I found myself in the same situation as you are in. I started pipe smoking about two months ago and started with a cob. When I decided to buy a nicer pipe, it was a toss up between a Peterson and a Boswell just like you. I decided to go with Boswell, and I'm very happy with my decision. It smokes very well, and they even gave me a couple of ounces of free tobacco. They're a great company who makes great pipes. However, that's not to say Peterson's are bad pipes. I've never smoked one but have heard great things about them. The next pipe on my shopping list is acutally a Peterson Aran Billiard with a fishtail stem. Hope this helps!


----------



## RJpuffs (Jan 27, 2008)

With a Peterson be sure to check the drilling and that the holes line up. I have 2 Petey's, both required "modifications" to make them smokable. IMHO the workmanship is poor, perhaps as they machine mass-produced instead of a human taking the time to even look inside at the holes.


----------



## Catholicsmoker (Aug 20, 2008)

Thank you everyone for your quick and helpful responses! Has anybody else had any problems with Peterson pipes similar to those that RJpuffs had? It is very concerning that they would be so careless as to let that happen to two of their pipes. I hope it was just a fluke, and that isn't the quality of their workmanship on all of their pipes. I am still considering what to get, but I'm sure your suggestions will come in handy. Thank you very much and God bless!p


----------



## Quick_nick (Feb 10, 2008)

If you decide to buy a Pete or any other machine made pipe, rather than a hand made one. I would recomend not buying it online especially for your first pipe. Find a local pipe shop and head in, generally they are very helpfull and it helps to hold and feel several pipes to help you choose. When you get comfortable enough in what you want and what you're looking at online then it may be suitable to do so. Also when you are looking at a pipe in the store make sure you can run a cleaner through it with the stem on and make sure the air hole is of good size and drilled dead center at the very bottom of the bowl. When you get comfortable working on pipes and fixing draw holes then it may also be more suitable to buy online. 

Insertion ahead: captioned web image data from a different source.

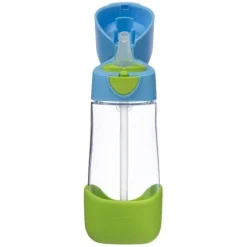 Butelka Tritanowa ze Słomką 450 ml Ocean Breeze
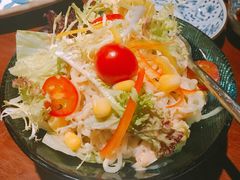 拉面沙拉-熊藏居酒屋(kkone店)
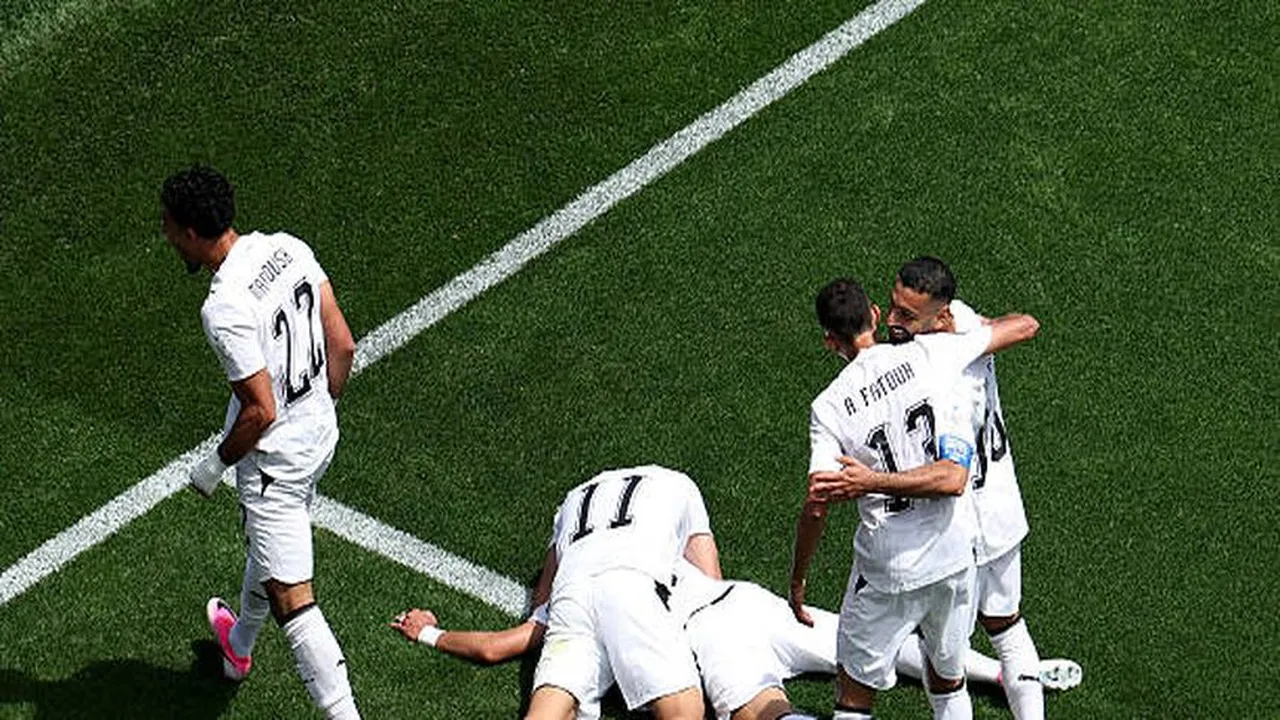 مباراة مصر ونيوزيلندا في الجولة الثانية من كأس العالم قريبة!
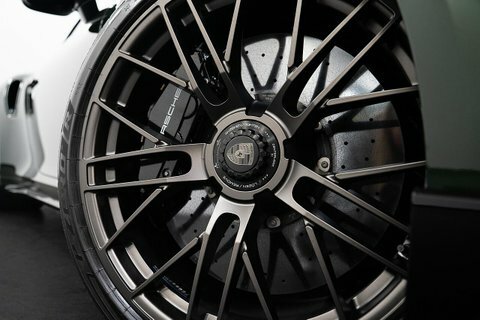Porsche 911 3.0T 992 4S Targa Pdk 4Wd Euro 6 Ss Black #30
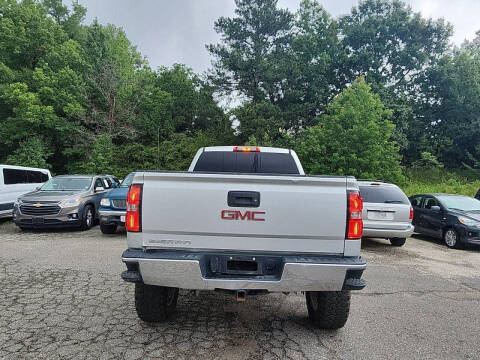 2017 GMC Sierra 1500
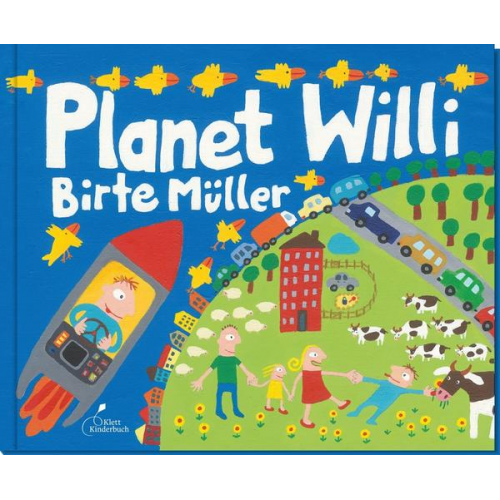 Birte Müller - Planet Willi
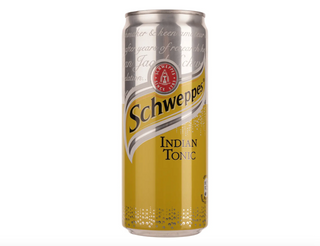 Schweppes Indian Tonic с/газ 0,33 л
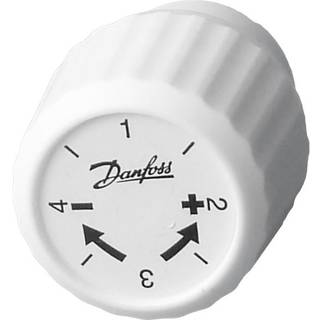 Danfoss 192N3343 Håndhjul til radiatorventil RA 2000
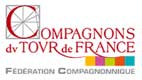 Compagnons du Tour de France, client Seireb Impression gestion de documents mobiliers de bureaux à Toulouse
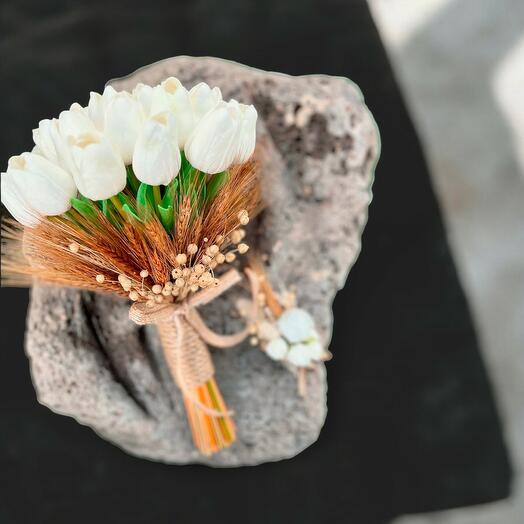 Bridal bouquet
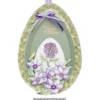 Strass-Ornamente, Blumen, mehrfarbig, teilweise mit Veredelung, 5 Bogen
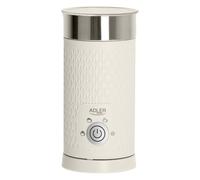 Adler AD 4495 Montalatte elettrico 500W 4 funzioni Beige 300ml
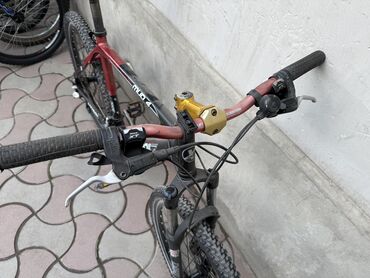 Горные велосипеды: Горный велосипед, Алюминий, Б/у — 5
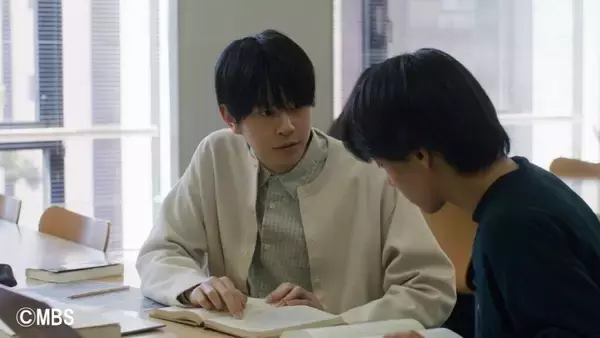 「2027年4月に共学化する武庫川女子大学が、「武庫川大学」の未来のキャンパスライフを描く連続テレビドラマ「向こう側の僕」　放送スタート」の画像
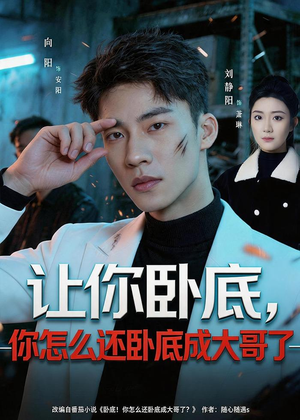 让你卧底，你怎么还卧成大哥了（80集）短剧更新抢先看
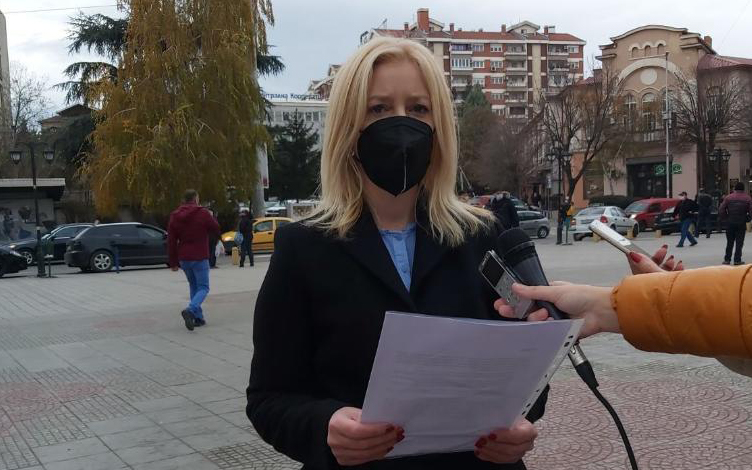 Оваа власт се грижи за лицата со попреченост, кажа Арсовска
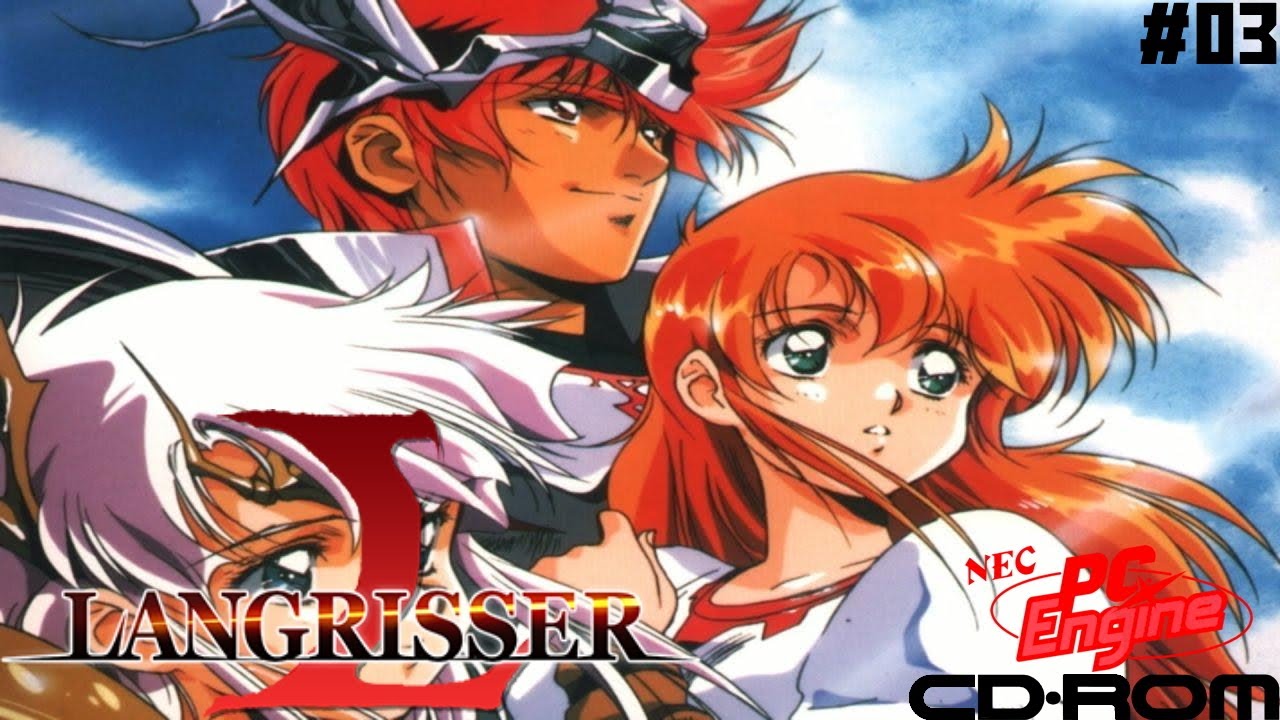 Прохождение Langrisser - Kouki no Matsuei Эпизод 3 (PC Engine CD)
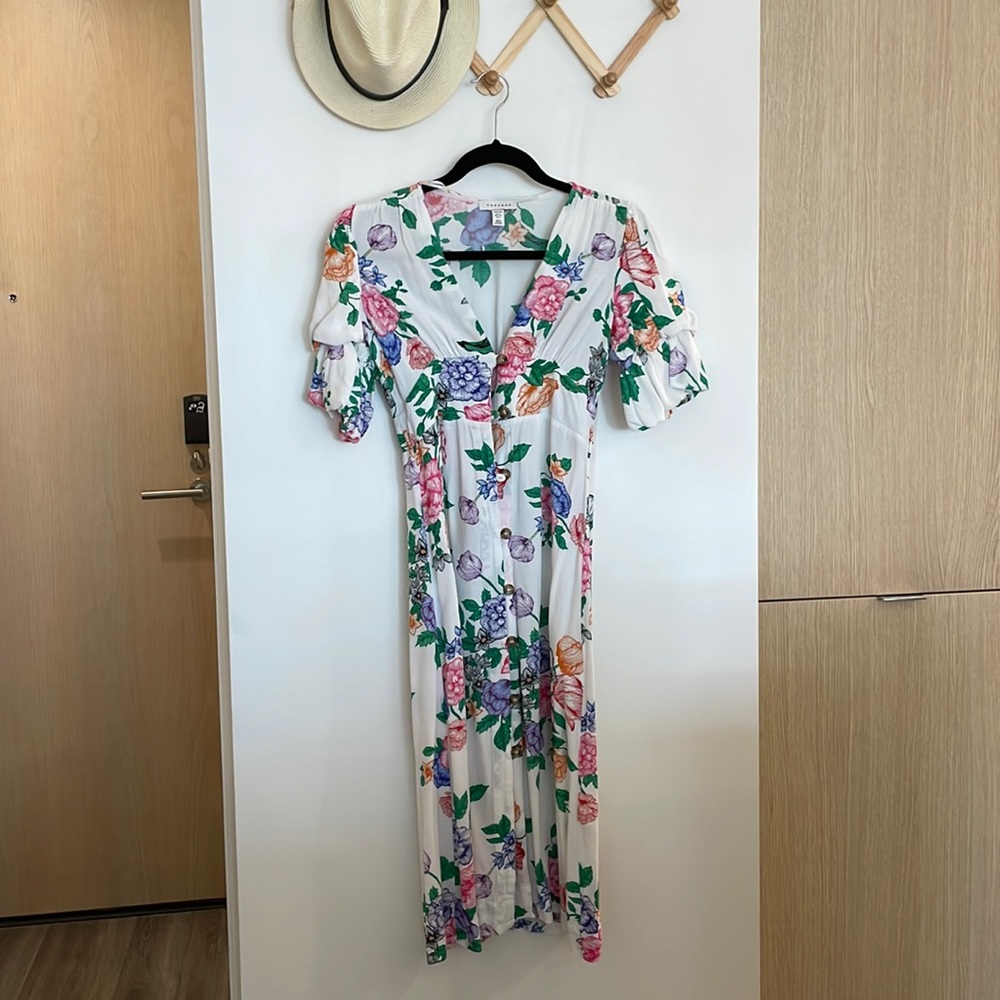 Top shop petite dress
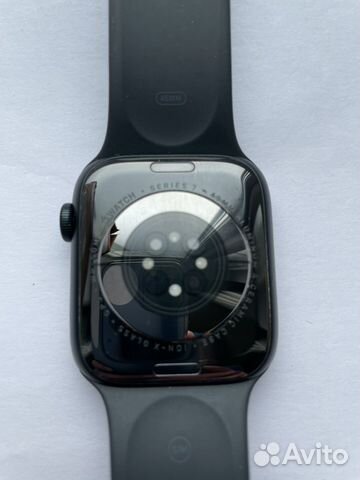 Часы apple watch 7 45 mm купить в Москве | Личные вещи | Авито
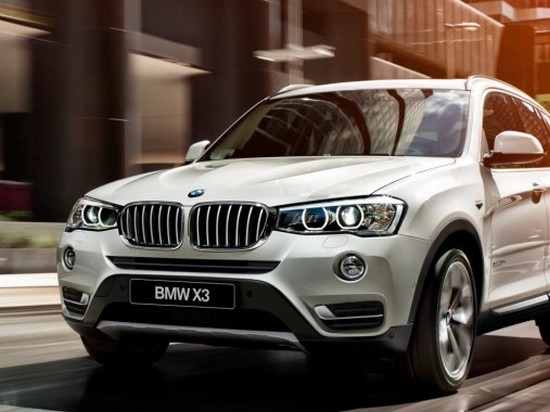BMW готовится к производству электрической версии модели X3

So the rule of thumb is to buy your first few pipes in a store if the are machine/mass produced. If you decide on a Boswell you won't have a problem with shotty construction. It would still be a benefit to head in a store and decide exactly what you like then search the Boswell site to find something similar. HAPPY HUNTING!!!!!!!!


----------



## Mad Hatter (Apr 8, 2007)

I have about 7 Petes, three of those under $75. All smoke just fine but I did tweek the airways a little but that has been the case with the majority of my pipes, Stanwells included. I can't comment on a Boswell but I agree with what Pirate said above.


----------



## Catholicsmoker (Aug 20, 2008)

I would like to say thank you to everyone who posted with advice. Your advice has led me to attempt to find a good Boswell first. I will eventually get around to a Pete, but it seems as though a Boswell will be better for a noob like me. I'll let you know how I like it when I get one, if possible. Thanks!

-CS p


----------